Nein, es ist kein Vorwissen nötig, die Tipps und Übungen sind einfach und erfordern auch keine spezielle Umgebung oder Hilfsmittel. Es ist natürlich klasse, regelmäßig und in einer ruhigen Umgebung zu üben, doch der Alltag gibt das oft nicht her. So können gerade z. B. Wartezeiten, Busfahrten, alltägliche Situationen … genutzt werden, um eine Übung oder einen Atemtipp auszuprobieren und umzusetzen. Zum Beispiel die nächste Treppe mit der Lippenbremse bewältigen und schauen, ob mir das Erleichterung bringt. Oder in einem unbeobachteten Moment eine Dehnungsübung zu machen – der Atem reagiert sofort. Offenheit und Neugier und die Bereitschaft Tipps und Übungen auszuprobieren sind ganz gute Übungsvoraussetzungen.
Asthma und Alltag
Zum Schluss: Worauf sollten Asthmatiker*innen unbedingt im Alltag achten?

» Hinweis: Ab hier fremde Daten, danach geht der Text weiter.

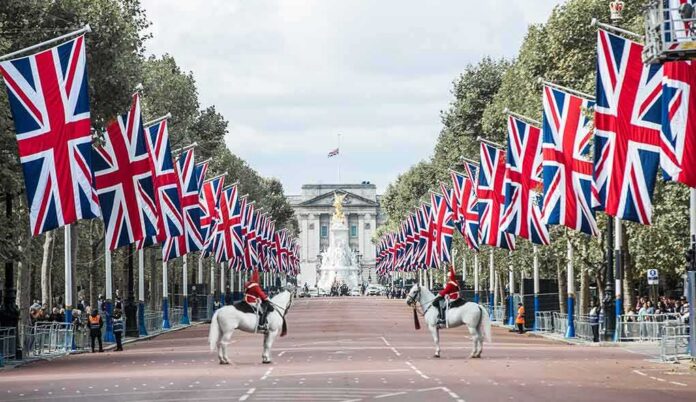 shutterstock_2202756497 Union Jack flags line a broad avenue with mounted guards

Als selbst Betroffene ganz klar: Mein Bedarfsspray habe ich immer dabei und meine Medikamente nehme ich regelmäßig. Das setze ich jetzt mal voraus.
Asthmatiker*innen sollten ihre individuellen Asthmaauslöser gut kennen, damit sie sich entsprechend verhalten können.

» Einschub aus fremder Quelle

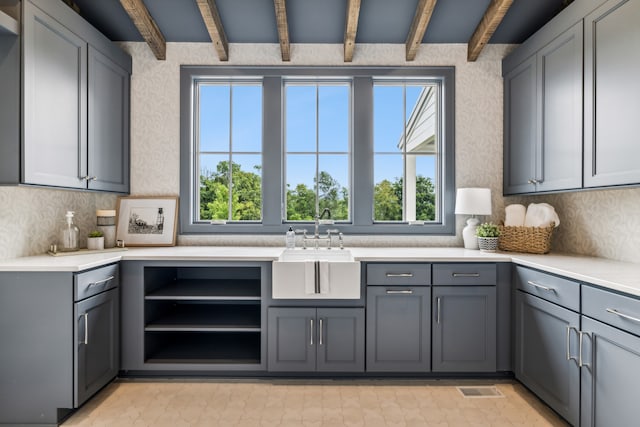 kitchen with gray cabinets, beamed ceiling, sink, and plenty of natural light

Und auf den Atem bezogen: je besser ich meinen Atem kenne, desto leichter kann ich ihn in Atemnotsituationen auch ganz bewusst einsetzen, Erleichterung erfahren und meinen Atem auch wieder als tragfähig und belastbar erleben trotz der Atemwegserkrankung.
Vielen Dank Frau Menrad-Barczok für dieses interessante Interview.